7.3 Ecosystem services and land use / cover
- To introduce the concept of ecosystem services
- To describe the GIS techniques that can be used to measure ecosystem services through specific examples
Concepts in ecosystem services
Ecosystem services are defined as the benefits to people that are to be gained from the environment (ref). Closely related to this is the idea of natural capital, defined as ‘natural assets in their role of providing natural resource inputs and environmental services’. (OECD, 2012). Ecosystems can be considered as one form of natural capital, alongside land and stocks of natural resources (oil, natural gas, timber, fish, etc). The benefits people gain from the environment are often categorised into different types as follows:
Table 1. Examples of different types of ecosystem service
|Type of service||Example|
|Habitat services||primary production; nutrient cycling|
|Provisioning services||water supply; fuelwood|
|Regulating services||flood mitigation; water purification; carbon sequestration|
|Cultural services||recreational visits to the countryside|
Ecosystem services has its theoretical groundings in economics, and so these various services can be considered a form of public good. Unlike goods that might be purchased through a shop, use by one individual does not prevent others from using public goods (such as green spaces for recreation) and public goods are available to all. As such, an economic (monetary) value can be attached to each of them and in this way, a value placed on the various services that the environment provides to both the local and global population.From an environmental management perspective, being able to quantify the benefits that the environment provides to humankind can help build the case for the financial resources needed for environmental protection and stewardship.
GIS and ecosystem services
From a GIS perspective, often land use / cover is a key map layer in estimating the value of ecosystem services. One such example is the idea of carbon sequestration, in other words the capture and long-term storage of atmospheric carbon dioxide by plants, an example of a regulating ecosystem service. Carbon sequestration is however a complex process, involving not only land use /cover information, but also soil type and meteorological process. Estimating the carbon fluxes associated with particular land use / covers requires considerable scientific modelling (Vleeshouwers and Verhagen, 2002). In view of this, a benefit transfer approach is sometimes adopted by economists, in which the economic value of ecosystem services attached to land use / cover categories at a given site is derived from similar land use / covers elsewhere. Troy and Wilson (2006) suggest 7 steps to valuing ecosystem services through such approaches:
- Define study area
- Develop land use/cover typology
- Search literature for value estimates to associate with each land use / cover type
- Map out values by land use / cover type
- Calculate the total value of ecosystem services across the study area
- Generate summaries of total value by sub-regions, e.g. watersheds or other environmental management units
- Explore future development scenarios
In recent years, software tools have been developed that enable the value of ecosystem services to be estimated spatially. Prominent amongst these is the Integrated Valuation of Environmental Services and Tradeoffs (InVEST) tool developed by the Natural Capital Project (see references below).

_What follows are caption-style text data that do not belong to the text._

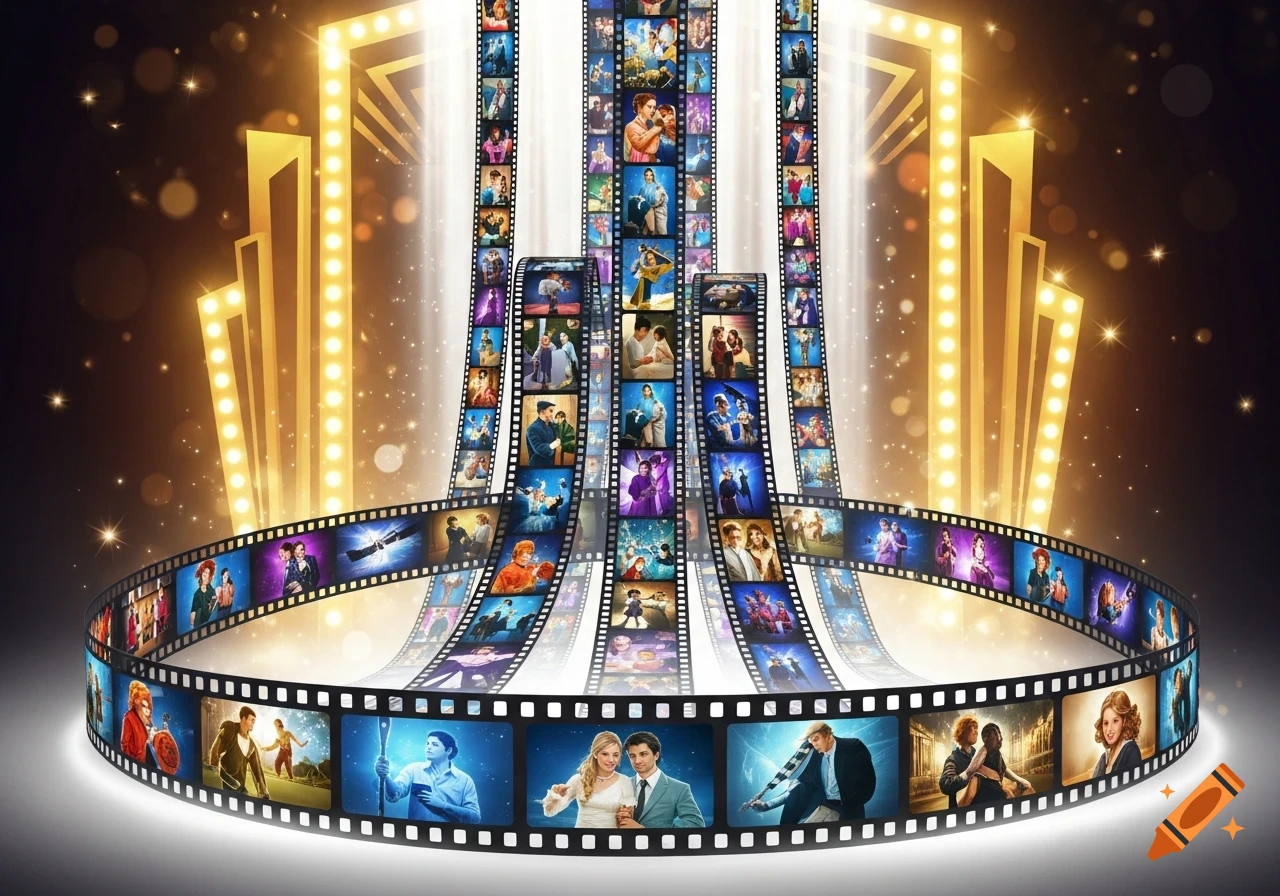 Multiple film strips winding and rising, filled with diverse movie scenes, set against a sparkling dark background with golden award-like structures.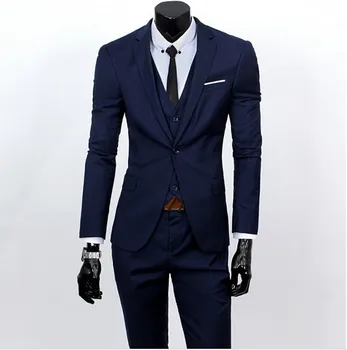 Slim Fit Groom Tuxedo Navy Blue Groomsmen Notch Lapel Wedding/Dinner Suits Best Man Bridegroom (Jacket+Pants+Tie+Vest) B461
Slim Fit Groom Tuxedo Navy Blue Groomsmen Notch Lapel Wedding/Dinner Suits Best Man Bridegroom (Jacket+Pants+Tie+Vest) B461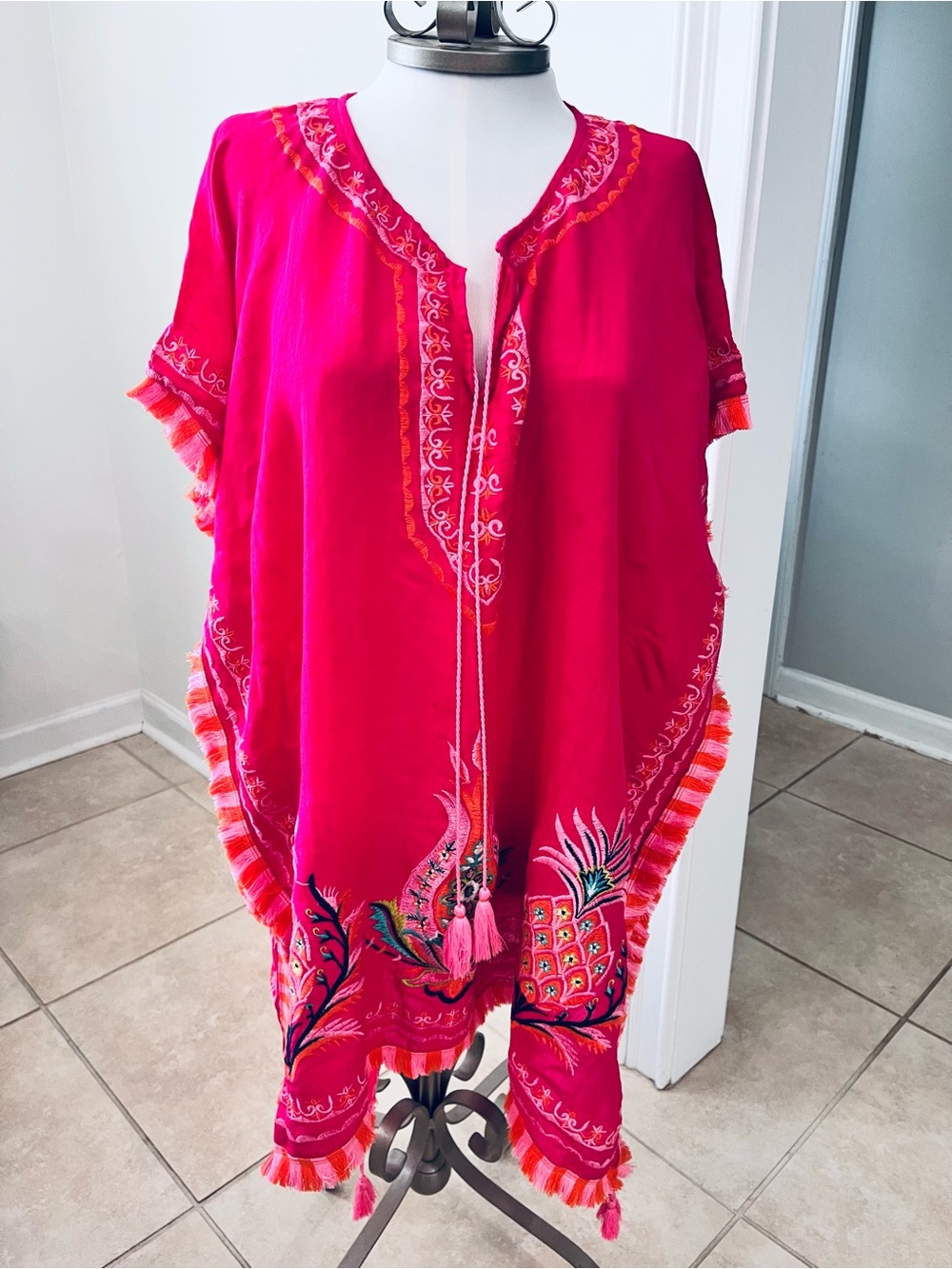 Spartina 449 Pink Orange Embroidered Detail Linen Blend Swimsuit Coverup O/S Vac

Case study – the REDD programme
Reducing Emissions from Deforestation and Forest Degradation (REDD) is an international effort to value the carbon stored in forests around the world. The programme involves the United Nations through a UN-REDD programme. More recently, the programme has been extended beyond simply forest loss through deforestation to proactive measures to conserve and manage existing forests through a new REDD+ phase. Valuation of the carbon sequestered in forests enables specific financial incentives to be put in place to enable forests to be protected and managed sustainably. To support the consistent estimation of sequestered carbon and its value, the UN-REDD have developed a set of tools for ArcGIS (see links below).
Take a closer look at one paper from the suggested readings below (or if you prefer, search for and choose an article about an ecosystem service of interest to you that is not on the list). What do you see as the strengths and limitations of the approach taken in your chosen article? Post your thoughts to the discussion board.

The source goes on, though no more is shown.